About Prana Biotechnology Limited
Prana Biotechnology was established to commercialize research into age-related neurodegenerative disorders. The Company was incorporated in 1997 and listed on the Australian Securities Exchange in March 2000 and listed on NASDAQ in September 2002. Researchers at prominent international institutions including The University of Melbourne, The Mental Health Research Institute (Melbourne) and Massachusetts General Hospital, a teaching hospital of Harvard Medical School, contributed to the discovery of Prana's technology.
For further information please visit the Company's web site at www.pranabio.com.
About Huntington disease
Huntington disease is a complex and severely debilitating genetic, neurodegenerative disease, for which there is no cure.

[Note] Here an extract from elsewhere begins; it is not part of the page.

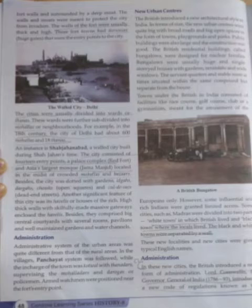Let us move to the topic of administration on page number 48. The administrative system of these urban areas was very different when compared to the rural areas. In the village, the Panchayat system was followed. The people called Kotwala, Tanadas, Mahaldas, and Dargos were the in-charges of the towns. Watchmen were stationed near the fort entry points.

The disease often affects young adults and, whilst associated with severe physical movement symptoms, progressively impacts the mind and emotions as well. The disease causes incapacitation and death about 15-25 years after onset. The disease affects 30,000 people in the US and about 70,000 worldwide. There are no drugs in development that have established clinical evidence for treating cognitive decline.

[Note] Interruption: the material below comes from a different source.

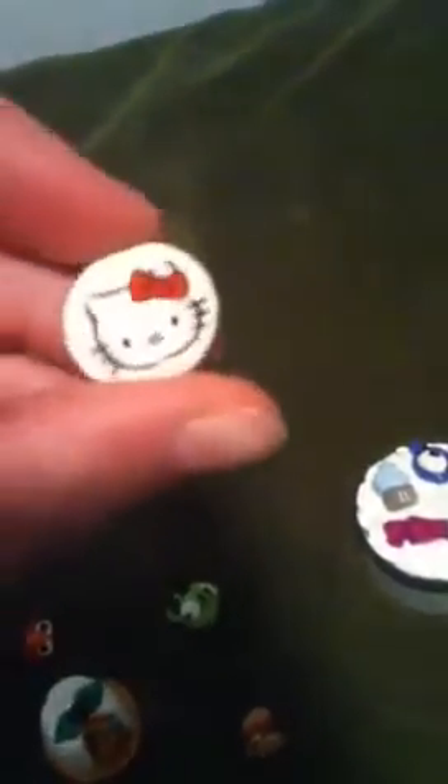I have this rainbow cake — sorry for the background noise. This bow, this Hello Kitty coin charm thing, and I'm going to put it on a deco den. I also have this gloomy bear.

Forward Looking Statements
This press release contains "forward-looking statements" within the meaning of section 27A of the Securities Act of 1933 and section 21E of the Securities Exchange Act of 1934. The Company has tried to identify such forward-looking statements by use of such words as "expects," "intends," "hopes," "anticipates," "believes," "could," "may," "evidences" and "estimates," and other similar expressions, but these words are not the exclusive means of identifying such statements. Such statements include, but are not limited to any statements relating to the Company's drug development program, including, but not limited to the initiation, progress and outcomes of clinical trials of the Company's drug development program, including, but not limited to, PBT2, and any other statements that are not historical facts. Such statements involve risks and uncertainties, including, but not limited to, those risks and uncertainties relating to the difficulties or delays in financing, development, testing, regulatory approval, production and marketing of the Company's drug components, including, but not limited to, PBT2, the ability of the Company to procure additional future sources of financing, unexpected adverse side effects or inadequate therapeutic efficacy of the Company's drug compounds, including, but not limited to, PBT2, that could slow or prevent products coming to market, the uncertainty of patent protection for the Company's intellectual property or trade secrets, including, but not limited to, the intellectual property relating to PBT2, and other risks detailed from time to time in the filings the Company makes with Securities and Exchange Commission including its annual reports on Form 20-F and its reports on Form 6-K. Such statements are based on management's current expectations, but actual results may differ materially due to various factions including those risks and uncertainties mentioned or referred to in this press release. Accordingly, you should not rely on those forward-looking statements as a prediction of actual future results.